University of Virginia School of Law

Language

en-US

Abstract

In this Article, we discuss examples of class action settlements in which the conduct allegedly engaged in by class counsel-and in some instances by the defendants and their lawyers--could constitute a civil wrong or a criminal act under state or federal law, but a court nevertheless blessed the conduct by approving the settlement. We argue that the findings made by federal and state courts in blessing these settlements, namely, findings on the adequacy of class counsel, the lack of collusion between class counsel and the defendants, and the fairness of the settlement terms, should not immunize the conduct of the settling parties from the reach of state tort law, consumer protection law, criminal law or state and federal antitrust statutes. The process that results in these findings is simply not "full" or "fair" enough to allow those findings to trump the operation of other state or federal law designed to protect clients and the public from the misdeeds of lawyers.
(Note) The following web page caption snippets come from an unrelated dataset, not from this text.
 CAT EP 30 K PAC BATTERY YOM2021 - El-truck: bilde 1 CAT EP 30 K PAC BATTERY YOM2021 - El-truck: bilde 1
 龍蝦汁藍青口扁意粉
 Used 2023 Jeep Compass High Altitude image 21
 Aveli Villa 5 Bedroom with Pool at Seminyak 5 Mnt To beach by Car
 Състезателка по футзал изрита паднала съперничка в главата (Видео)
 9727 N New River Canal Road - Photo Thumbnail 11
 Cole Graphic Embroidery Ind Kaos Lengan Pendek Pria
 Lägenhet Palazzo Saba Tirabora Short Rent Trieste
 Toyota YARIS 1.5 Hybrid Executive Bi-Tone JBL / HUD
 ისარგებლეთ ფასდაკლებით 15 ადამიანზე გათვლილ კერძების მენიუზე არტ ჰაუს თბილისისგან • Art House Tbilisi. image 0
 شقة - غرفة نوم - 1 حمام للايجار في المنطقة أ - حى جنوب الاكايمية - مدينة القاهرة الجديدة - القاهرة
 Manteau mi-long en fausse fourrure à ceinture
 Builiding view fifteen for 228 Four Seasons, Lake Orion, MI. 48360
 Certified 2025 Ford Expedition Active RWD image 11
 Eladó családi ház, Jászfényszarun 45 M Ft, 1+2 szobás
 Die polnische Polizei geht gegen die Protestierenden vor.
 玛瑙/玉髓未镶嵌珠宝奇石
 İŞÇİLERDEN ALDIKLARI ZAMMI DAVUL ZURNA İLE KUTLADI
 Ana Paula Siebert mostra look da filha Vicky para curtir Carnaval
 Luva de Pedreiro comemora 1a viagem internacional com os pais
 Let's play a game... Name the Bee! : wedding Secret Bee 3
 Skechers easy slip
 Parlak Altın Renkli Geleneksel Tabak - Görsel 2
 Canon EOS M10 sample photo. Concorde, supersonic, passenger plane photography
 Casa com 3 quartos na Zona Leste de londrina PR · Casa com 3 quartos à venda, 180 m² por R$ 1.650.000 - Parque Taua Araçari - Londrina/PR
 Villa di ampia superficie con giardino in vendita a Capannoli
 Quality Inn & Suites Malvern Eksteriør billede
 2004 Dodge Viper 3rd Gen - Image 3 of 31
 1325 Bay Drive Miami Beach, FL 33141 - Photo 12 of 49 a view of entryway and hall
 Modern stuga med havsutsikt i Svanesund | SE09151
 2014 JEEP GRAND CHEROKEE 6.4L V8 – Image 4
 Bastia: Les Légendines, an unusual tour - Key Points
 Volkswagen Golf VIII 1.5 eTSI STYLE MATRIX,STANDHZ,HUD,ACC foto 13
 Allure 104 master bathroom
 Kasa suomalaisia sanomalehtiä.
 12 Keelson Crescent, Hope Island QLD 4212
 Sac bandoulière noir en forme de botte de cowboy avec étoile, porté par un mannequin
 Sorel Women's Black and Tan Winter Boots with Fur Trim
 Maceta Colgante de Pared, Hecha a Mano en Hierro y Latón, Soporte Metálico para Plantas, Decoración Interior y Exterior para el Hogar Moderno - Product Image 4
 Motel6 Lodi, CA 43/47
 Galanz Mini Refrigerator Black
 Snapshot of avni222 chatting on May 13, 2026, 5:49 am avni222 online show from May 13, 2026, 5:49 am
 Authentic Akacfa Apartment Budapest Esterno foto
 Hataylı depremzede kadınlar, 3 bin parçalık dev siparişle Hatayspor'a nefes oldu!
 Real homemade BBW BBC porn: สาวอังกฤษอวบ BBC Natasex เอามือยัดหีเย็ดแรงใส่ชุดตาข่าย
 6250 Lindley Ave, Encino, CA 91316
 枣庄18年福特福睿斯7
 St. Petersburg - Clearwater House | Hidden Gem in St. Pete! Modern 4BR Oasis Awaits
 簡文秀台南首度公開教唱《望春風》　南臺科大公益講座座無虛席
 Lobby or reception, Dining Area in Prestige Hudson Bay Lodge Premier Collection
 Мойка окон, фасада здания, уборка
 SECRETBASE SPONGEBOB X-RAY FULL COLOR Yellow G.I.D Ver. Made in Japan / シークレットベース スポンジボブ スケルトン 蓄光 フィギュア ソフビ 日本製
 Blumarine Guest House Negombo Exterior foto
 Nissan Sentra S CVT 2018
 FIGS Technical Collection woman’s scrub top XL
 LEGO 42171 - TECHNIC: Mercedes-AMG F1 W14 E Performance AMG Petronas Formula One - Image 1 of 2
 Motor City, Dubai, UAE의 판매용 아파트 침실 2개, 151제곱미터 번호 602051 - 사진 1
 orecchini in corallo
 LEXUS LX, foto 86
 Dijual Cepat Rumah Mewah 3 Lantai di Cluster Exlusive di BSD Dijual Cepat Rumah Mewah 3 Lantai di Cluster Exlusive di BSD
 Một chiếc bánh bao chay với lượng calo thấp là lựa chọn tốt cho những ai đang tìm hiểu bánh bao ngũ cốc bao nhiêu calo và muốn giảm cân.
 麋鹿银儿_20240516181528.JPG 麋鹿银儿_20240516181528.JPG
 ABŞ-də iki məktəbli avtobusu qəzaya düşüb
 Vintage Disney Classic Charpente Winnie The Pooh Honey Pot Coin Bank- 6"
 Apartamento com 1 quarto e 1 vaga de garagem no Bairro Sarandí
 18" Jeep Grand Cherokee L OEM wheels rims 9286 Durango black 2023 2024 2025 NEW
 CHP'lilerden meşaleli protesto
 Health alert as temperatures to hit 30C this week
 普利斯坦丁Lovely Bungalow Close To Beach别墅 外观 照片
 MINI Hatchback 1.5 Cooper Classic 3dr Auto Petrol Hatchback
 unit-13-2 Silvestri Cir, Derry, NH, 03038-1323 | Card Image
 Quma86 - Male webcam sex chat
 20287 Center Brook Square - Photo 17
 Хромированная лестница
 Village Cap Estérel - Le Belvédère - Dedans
Moreover, we argue that the doctrines that work to exempt state action, the action of federal agencies and the conduct of parties in litigation from the purview of the antitrust laws do not, and should not, apply to the conduct of class counsel in negotiating a settlement or to the terms of the contract subsequently approved as a class settlement by a court.

In short, our answer to class action abuse is "sue the bastards." In more polite terms, through this Article we hope to dispel any notion that the procedural law used to facilitate the settlement of class actions should somehow operate to cancel the substantive law designed to protect us all from the wrongful conduct of our supposed champions.